Billson was introduced in "The Debut of Battling Billson", and would return in several other Ukridge stories.

==Main characters==
- Stanley Featherstonehaugh Ukridge, the irrepressible entrepreneur
- James Corcoran, Ukridge's writer friend
- "Battling" Billson, a boxer sometimes managed by Ukridge
  - Flossie, Billson's girl, a barmaid
    - Flossie's mother, an awful woman from the North
    - Cecil, Flossie's brother, a ghoulish child

==Publication history==

"The Return of Battling Billson" was illustrated by T. D. Skidmore in Cosmopolitan. It was illustrated by Reginald Cleaver in The Strand Magazine.

The story was included in the collection The World of Ukridge, published in October 1975 by Barrie & Jenkins.

==Adaptations==

Characters from the story appeared in an episode of The World of Wodehouse, "The Debut Of Battling Billson", which aired in July 1968. The cast included Anton Rodgers as Ukridge, Julian Holloway as Corky, Dickie Owen as Battling Billson, Pamela Cundell as Flossie Burns, Julie May as Mrs Burns, and Roland Pickering as Cecil.

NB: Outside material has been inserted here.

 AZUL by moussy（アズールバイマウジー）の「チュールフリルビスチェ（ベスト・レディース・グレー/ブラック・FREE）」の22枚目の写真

The story was adapted into the fifth episode of the 1992–1993 Ukridge radio series. Adapted by Julian Dutton, the episode was also titled "The Return Of Battling Billson". It starred Griff Rhys Jones as Ukridge and Robert Bathurst as Corky, with Adam Godley as Tupper and Cecil, Simon Godley as Beamish, and Dougal Lee as Bowles and Billson. Other roles were voiced by Rebecca Front and Julian Dutton.